As a member of a less than a year, I am only participating in one committee and can only attend it when the meeting schedule doesn’t conflict with grandkid activities … which come first for me. The committee meeting I have attended are but a pittance of the members actually working in that area. In addition, the total attendance and the actual individual participants vary widely from month to month. Since this appears to be the technical body making spending and rule decisions for an activity category, I’m puzzled over how this really qualifies as a governing methodology.
Is my experience the norm or an unusual situation?
The people “running” most committees are usually a fraction of those using the committee area. More “users” of a committee may show up at a meeting if there is a substantial issue to be decided, but most are content to let others take care of “business.”
One of the issues with committees are that they are informal and amorphous. I’m not certain what the strengths are for them being that way. Perhaps, we can make a pros and cons list.
Committee meetings are business meetings mainly. Unless there is a pressing issue or controversial issue, only a fraction of the people will show up. Sometimes when a controversial item is known about, a whole lot of people show that haven’t attended in a while, just to vote on the topic. We have no determinable membership in committees. People can point to the wiki all day long but the only requirement for there to be a list of active committee members, whatever that means. No one can really define that. More to the point is names rarely come off of the list. It is more like a membership vote than a committee vote at times.

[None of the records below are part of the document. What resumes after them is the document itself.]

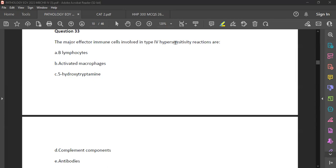Type 1 is IgE-mediated — it involves IgE binding mast cells and basophils, causing release of histamine. This is on the second exposure; the first exposure sensitizes the mast cells, and on re-exposure they degranulate and release histamine. Examples of type 1 hypersensitivity reactions include atopy, asthma, allergic rhinitis, and reactions to pollen.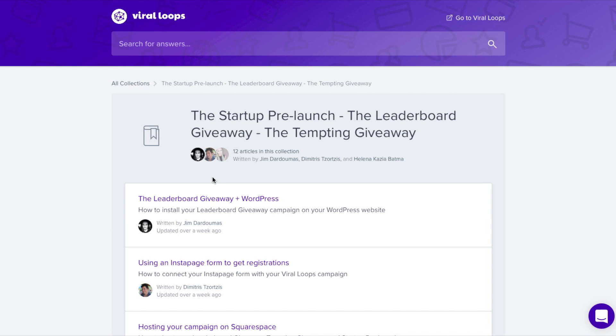Alternatively, you can use a ready-made landing page from Viral Loops to host your campaign. You can see yours in the installation step of the campaign wizard, where you will find more options for the customization of this page.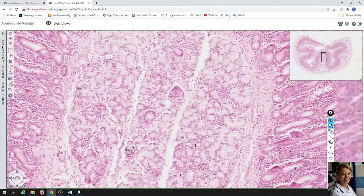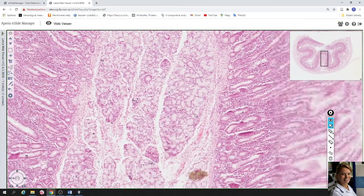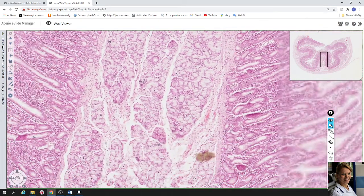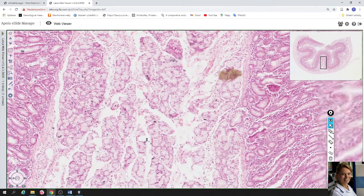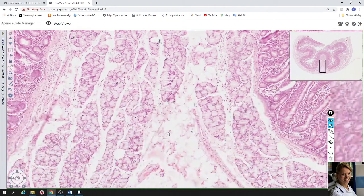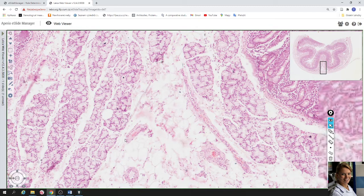The submucosa is formed by loose connective tissue and filled by mucous glands called glands of Brunner. This is the compound tubular gland that produces mucus. Also in the submucosa you can find fat cells, and blood vessels — here you can see an artery and a vein.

I’d say it is what keeps committees from becoming elitist and/or exclusive of membership. Surely we want everyone to participate as part of the committee including cleanups, maintenance, teaching, etc. but I’m resigned to the fact it isn’t going to happen. I can’t arbitrarily say “you can’t use committee resources because you didn’t come to the meeting”. At best, creating the necessary safety rules even training required rules but that is as formal as we can get. Even that seems exclusive to some since either they didn’t have that requirement before or they don’t think it applies to them.
Good points there. However, we don’t want them as informal as to fall under a membership vote either.

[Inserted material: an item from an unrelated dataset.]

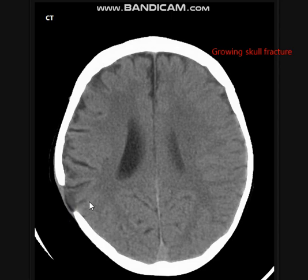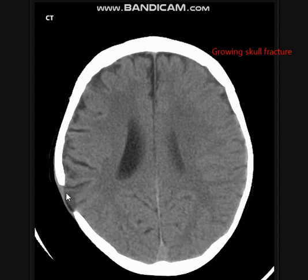The treatment of these patients is sometimes surgical, by placement of a titanium plate to prevent further protrusion of the leptomeninges and brain parenchyma, or further widening of the bone defect. This is the first case of an uncommon skull fracture — what we call a growing skull fracture.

I think anyone should be able to join a committee but they need to actually join it. There needs to be a member list. And some criteria to remove them from that list. We have a rule that says a committee must be 5 members. I would also say that anyone that is a committee member can vote, others will need to join first. Else, like I said before you might as well make it a membership vote without quorum.
I don’t have a good answer, but I’ve always thought it was weak to consider adding your name to a wiki to mean you’re a member of a committee.

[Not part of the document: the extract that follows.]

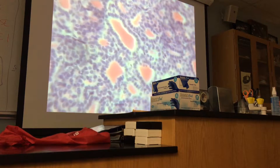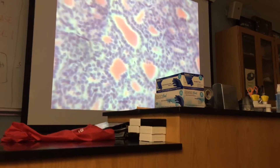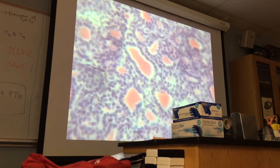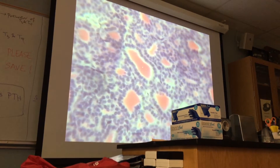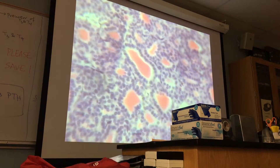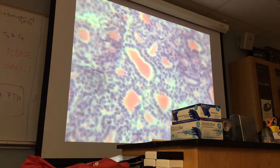What is this here? This colloidal substance — you can call it colloid. Colloid contains thyroglobulin, a protein pool.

It should always be inclusive, but at the same time there have been issues with people sort of “meeting bombing” when they suddenly have a strong feeling about something going on in a committee to which they have paid little mind previously. The history on this goes way back and it got particularly nasty in Science for instance a few years ago. At the time, the leader wanted rules about how you couldn’t be a committee member unless you had attended so many meetings in a row etc. That felt too strong and strict, but maybe there’s a better metric somewhere out there for “who is in a committee”.
As I think Nick and Bill have pointed out, and my experience thus far, it’s mostly a small group of folks (mostly the instructors for that area) that carry the bulk of the committee work. Then during large decision meetings the more frequent users of that space show up to weigh in on the decision as it will affect the kind of things they want to make.
The current rules allow anyone to join a committee, vote in committee meetings and even be committee chair. Maybe only DMS members should be a chair, but the rules do not require that as far as I can see.
Some add-ons are more actively involved than the “regular” member. If you really need a distinction, you might create an easy way to switch who is the member and who is the add-on. Another option would be to require an add-on to be active for 180 days (2X regular members) to vote.